Minimum Array Size

Hello,

clang currently seems to generate the same code for both:

double something_a(char A[const static 256]) {
  ...
}

and for:

double something_b(char (*const A)) {
  ...
}

even though in the first case the programmer has told us that the array
A is at least 256 bytes in length (and, thus, will not be null). Do we
currently have a way to pass this information to LLVM?

Thanks again,
Hal

No.

-Eli

Hal Finkel wrote:

Hello,

clang currently seems to generate the same code for both:

double something_a(char A[const static 256]) {
   ...
}

and for:

double something_b(char (*const A)) {
   ...
}

even though in the first case the programmer has told us that the array
A is at least 256 bytes in length (and, thus, will not be null). Do we
currently have a way to pass this information to LLVM?

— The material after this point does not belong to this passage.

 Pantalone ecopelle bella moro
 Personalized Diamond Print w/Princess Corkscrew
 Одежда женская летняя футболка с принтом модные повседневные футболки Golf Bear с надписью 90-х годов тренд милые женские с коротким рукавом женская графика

No, but I'm interested in this. C++ references imply that 'n' bytes of the pointer may be dereferenced, and we have no way of capturing that fact. It would feed into llvm::isSafeToLoadUnconditionally().

Nick

Hal Finkel wrote:
> Hello,
>
> clang currently seems to generate the same code for both:
>
> double something_a(char A[const static 256]) {
> ...
> }
>
> and for:
>
> double something_b(char (*const A)) {
> ...
> }
>
> even though in the first case the programmer has told us that the
> array A is at least 256 bytes in length (and, thus, will not be
> null). Do we currently have a way to pass this information to LLVM?

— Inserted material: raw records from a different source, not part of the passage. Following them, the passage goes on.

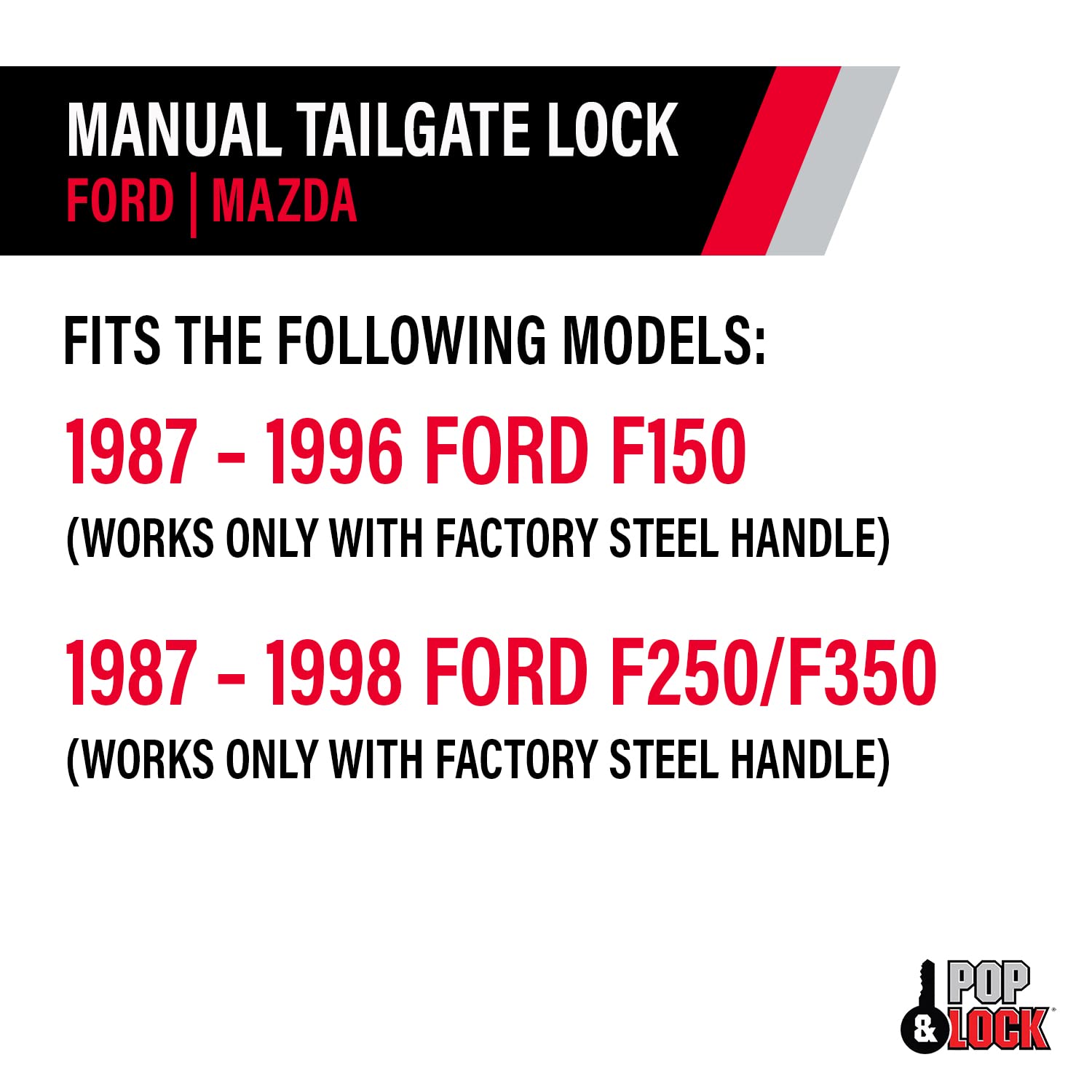 Pop & Lock Black PL2300 Manual Tailgate Lock (Works only with Factory Steel Handle)
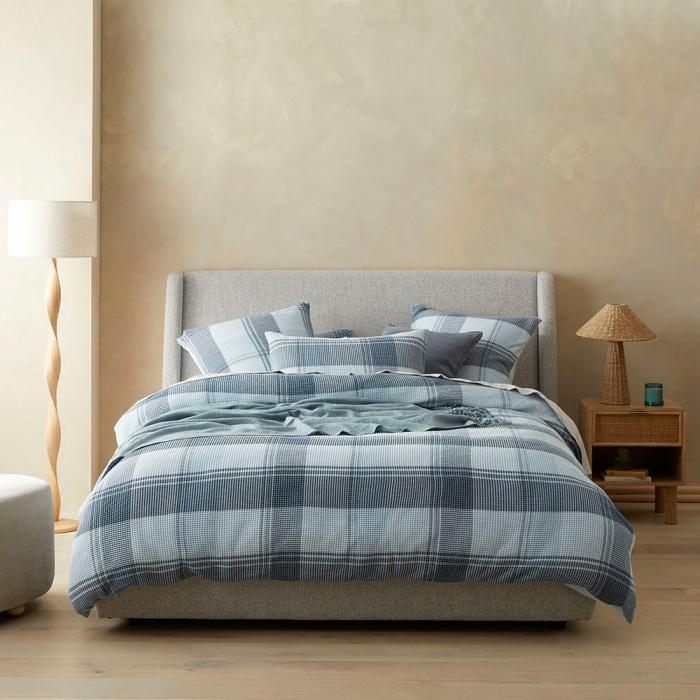 Quilt Covers |  Perry Ice Blue Waffle Quilt Cover Set + Separates Bedlinen Quilt Covers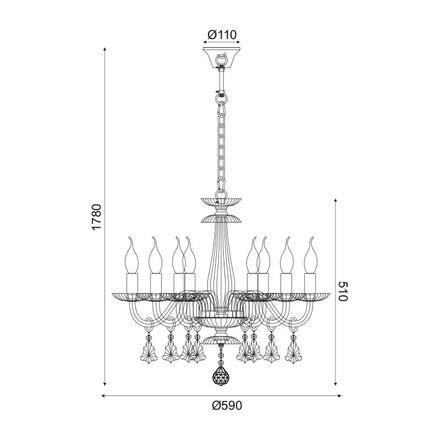 ACA Lighting Crystal závěsné svítidlo BLK80388PCMG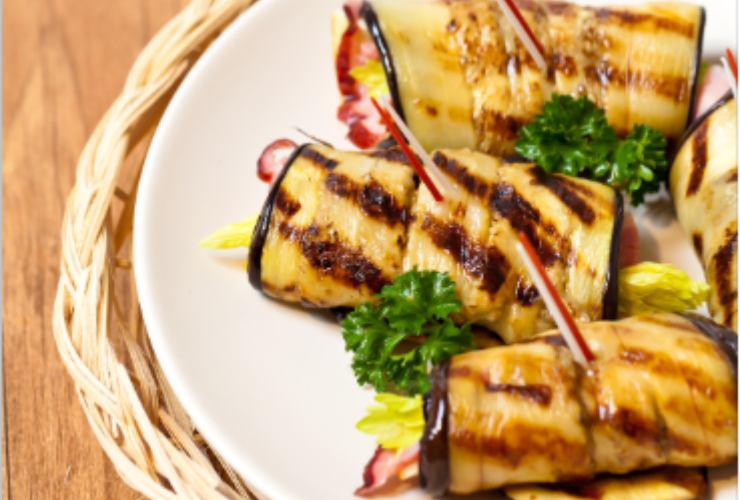 Involtini di melanzane con prosciutto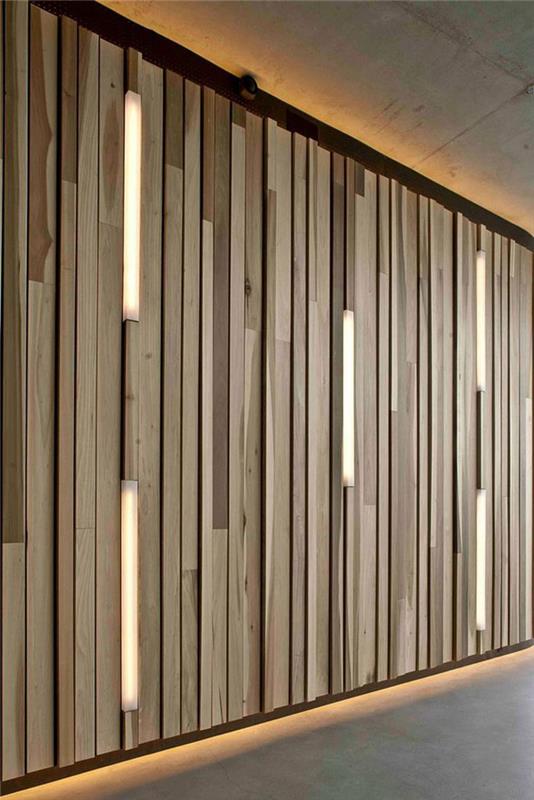 ξύλινη τέχνη δημιουργική σχεδίαση τοίχου ιδέες διακόσμησης τοίχου ξύλινη επένδυση μοντέρνα λάμπα τοίχου ενσωματωμένη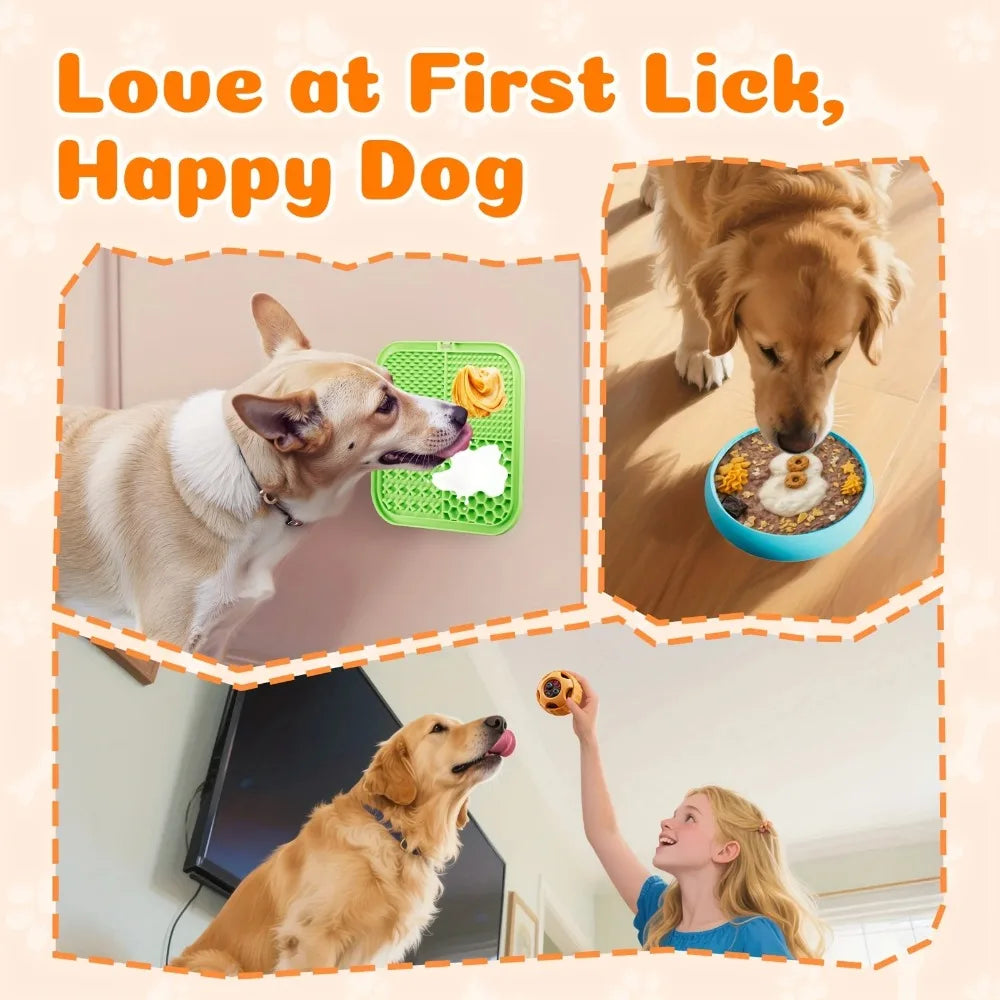 Dog Toys Interactive Silicone Licking Mat Snack Ball Bowl with Anti-Stress Anti-Demotivation Puzzle Accessories for Dogs Playful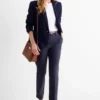 Cloth trousers with belt - mid-rise waist - tapered fit dark blue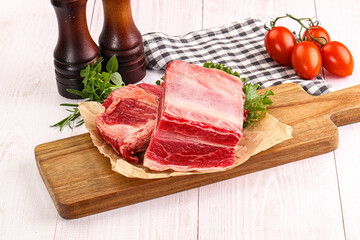 Raw beef rib for cooking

No, but I'm interested in this. C++ references imply that 'n' bytes
of the pointer may be dereferenced, and we have no way of capturing
that fact. It would feed into llvm::isSafeToLoadUnconditionally().

At the risk of starting yet another metadata proposal discussion, shall
we add some metadata to describe this? These cases could be handled by
metadata with an integer parameter. Is there a reasonable way of
handling cases like:
void foo(int n, int q[n][n]) { ... } ?

-Hal

Hal Finkel wrote:

Hal Finkel wrote:

Hello,

clang currently seems to generate the same code for both:

double something_a(char A[const static 256]) {
    ...
}

and for:

double something_b(char (*const A)) {
    ...
}

even though in the first case the programmer has told us that the
array A is at least 256 bytes in length (and, thus, will not be
null). Do we currently have a way to pass this information to LLVM?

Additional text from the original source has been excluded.